Required condition: OpenMP imbalance with nested loops.

In some codes, the problem space is divided into a multi-dimensional grid on which the computations are performed. This pattern typically results in codes with multiple nested loops iterating over the grid, as shown in the following code snippet.

DO K = 1, Nk
    DO J = 1, Nj
       DO  I = 1, Ni
         !! work to do
       END DO
    END DO
END DO

In the loop above, the work is related to computations from a real-case, where the results of multiplication and addition between elements of multiple three-dimensional matrices are stored in an output three-dimensional matrix of the same size.

When the computations on the grid are independent one from another it is possible to compute the values in parallel. When implementing this pattern in using OpenMP it is common to parallelize the loops by using a regular !$OMP PARALLEL DO directive. However, poor load balance can occur because the number of iterations in the outer loop can’t be distributed evenly over the threads.

One approach that may be implemented to solve the issue is to use the COLLAPSE(N) clause

DO iter = 1, Niter
    !$OMP PARALLEL DO COLLAPSE(2) DEFAULT(NONE) SHARED(...)
    DO K = 1, Nk
        DO J = 1, Nj
            DO  I = 1, Ni
              !! work to do
            END DO
        END DO
    END DO
    !$OMP END PARALLEL DO
END DO

The compiler will create a single loop by merging the outer N loops. In this way, the computation will run on a (linearized) space of size equal to the product of the size of the outer loops. The result is that the amount of work distributed to each thread may be better balanced, at the cost of doing the work of merging the loops.If using COLLAPSE(2) does not lead to good load balance, a COLLAPSE(3) clause may be tried.

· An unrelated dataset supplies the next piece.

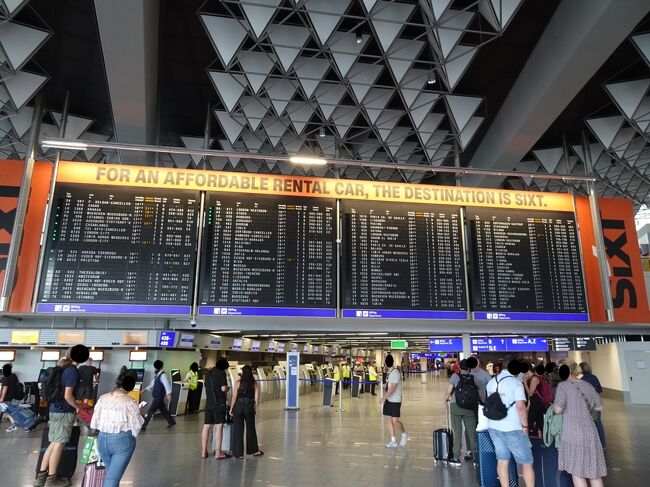 これってパタパタする出発時刻掲示板？。<br /><br />う～ん、パタパタを待っているのも辛いので、写真だけ撮っておきました。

There are specific conditions to be fulfilled to use the COLLAPSE clause (see, for more details on the conditions, here for an exhaustive list of rules). The most important ones are:

  • The loops must form a rectangular iteration space;
  • The loops must be perfectly nested;
  • The associated do-loops must be structured blocks. Their execution must not be terminated by an EXIT statement.

In Figure 1, Extrae timeline windows for COLLAPSE(2) nested OpenMP loop with the two outer loops collapsed is shown for 10, 18 and 48 threads. As the number of threads increase very little imbalance is observed.

wc_10 New_window__9_WP7_api_woC_10.code wc_18 wc_48

Figure 1: Timeline view showing three outer iterations for a COLLAPSE(2) nested loop with Nk=22, Nj=42, Ni=82, and Niter=24.

Figure 2 shows the scaling plot for the collapsed nested loops in the code snippet above for Niter=24, Ni=492, Nk=22 and Nj=42.

Collapse_nt24.PAPI_speedup.WP7

Figure 2: speedup plot for COLLAPSE(2) nested loop with Nk=22, Nj=42, Ni=82, and Niter=24.

In this case the K and J loops have been fused together by the compiler to create a space of dimension Nk*Nj which is larger wrt the maximum number of threads for this example (i.e.: 48). Only small imbalance is observed, the performance is improved with respect to the case without the COLLAPSE(2) directive, as the wall time decreases and the speedup for each run is always close to optimal (e.g.: >80%).